Last week I reviewed the Highland Park 15, the least loved of the Orkney distillery’s regular line and apparently marked for extinction. Today I have its younger sibling, the Highland Park 12, an altogether better known and more popular whisky (though not the youngest in Highland Park’s range anymore). As you have doubtless become sick of hearing, the Highland Park 12 is considered the all-rounder of single malt whisky, bringing together the major characteristic aromas and flavours of single malt whisky. If someone is new to single malt whisky and wants tips on what they might like it’s not uncommon to hear whisky geeks recommend that they try Highland Park 12 and note which aspects of it they like—the smoke, the sherried notes, the citrus, the sweetness, the brine. It is also remains a very reasonably priced whisky—available in Minnesota for less than $40.
It was one of my gateway malts—along with the Clynelish 14, the Talisker 10 and Laphroaig 10, it confirmed my ensuing obsession with single malt whisky and with Highland Park in particular (it is one my very favourite distilleries). And it has been a staple on my shelves ever since. I am pleased to finally be reviewing it for the blog.

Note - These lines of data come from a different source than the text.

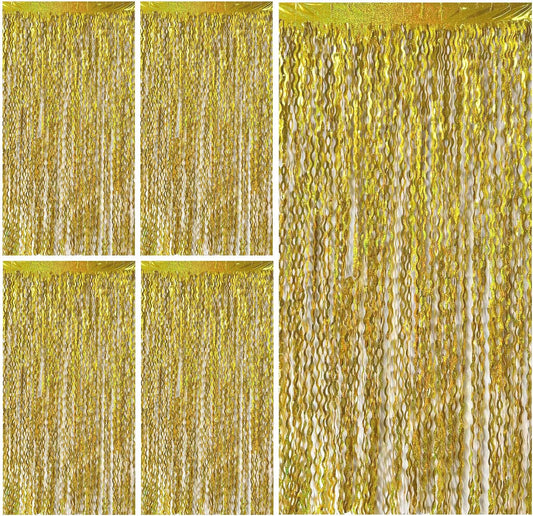Gold Backdrop Birthday Decorations Foil Curtain Backdrop Gold Streamers Dance Party Decorations Photo Booth Props for Bachelorette Decorations Christmas Halloween New Years Eve Party Supplies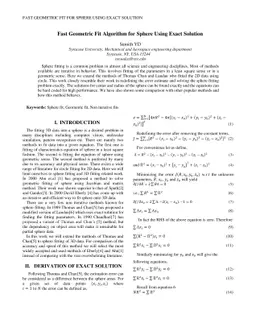 Fast Geometric Fit Algorithm for Sphere Using Exact Solution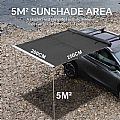 범용 차량용 사이드 어닝, 420D 립스톱 옥스포드 소재, 차량 장착형 차양막, UPF 50+ 자외선 차단 기능 - 70F03B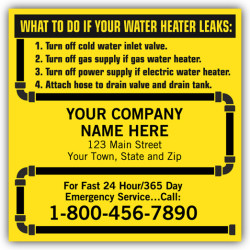 Water Heater Label with Pipe Design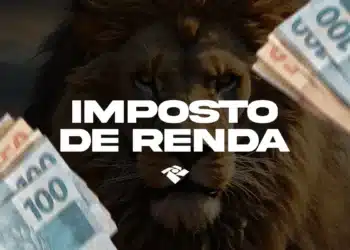 Leão com juba marrom ao fundo de notas de R$ 100, texto "Imposto de Renda" e logotipo da Receita Federal.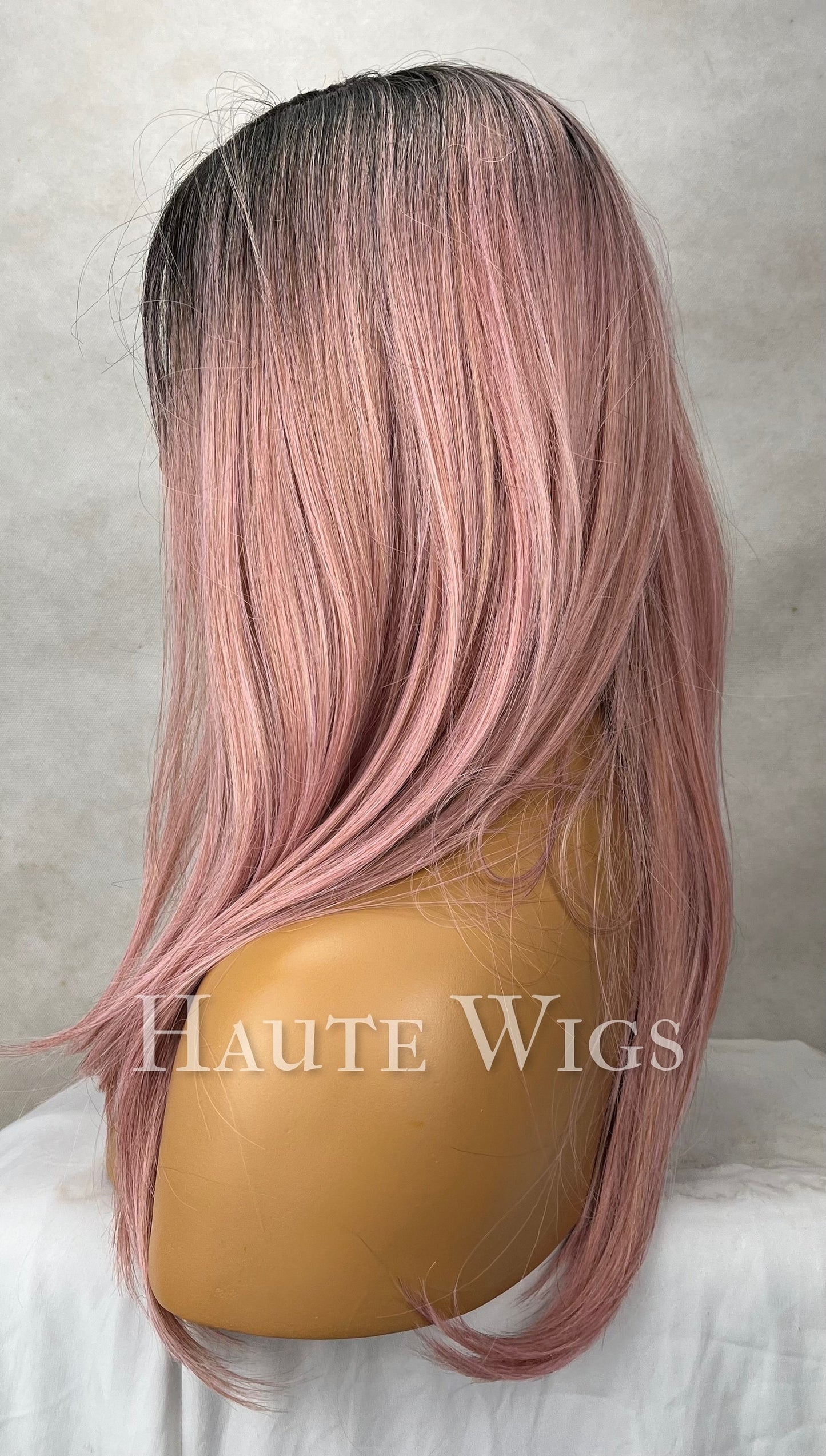 Fidelity - Ombre Light Pink Rose Gold Straight Wig Womens Layered Bangs Fringe Wigs Human Hair Mixed With Synthetic Pre cut Lace Front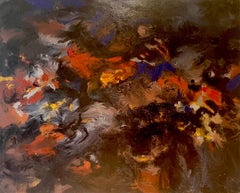 Tableau contemporain abstrait dramatique bleu foncé et rouge, de très grande taille.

Highland Park 12 (43%; from my own bottle)
Nose: Raisins, a touch of caramel, orange peel, mild leafy smoke and a light rubbery note. Some briny/sweaty notes after a bit and it also gets sweeter as it sits. Not a whole lot of development after that but with water added it brightens up dramatically, with fresher, floral notes and the caramel turning to toffee.
Palate: Similar to but more intense than the nose (and also far more intense than the 15 yo) with the sherried notes (raisins, caramel, orange peel) up top and the peat anchoring them below. On the second sip there’s some apricot with the citrus (which gets brighter) and also hints of gunpowder. Better mouthfeel than the 15 yo too. The rubbery note from the nose shows up late—seems more related to peat than sulphur, and isn’t off-putting. Gets brighter with a drop of water; also gets smokier and the rubber gets pushed back.
Finish: Medium. Gets quite bitter as I swallow, presenting a nice counterpoint to the initial sweetness. Some menthol coolness as it goes. The bitterness gets more chocolatey with each sip and there’s some salt too with time.
Comments: I see my notes merely repeat my brief description of the whisky in the introduction. This is just good, solid whisky. As I noted, it’s more intense than the 15 yo and most evenings—especially in the autumn and winter—I’d be more likely to reach for this. Nice development with water too.
Rating: 86 points.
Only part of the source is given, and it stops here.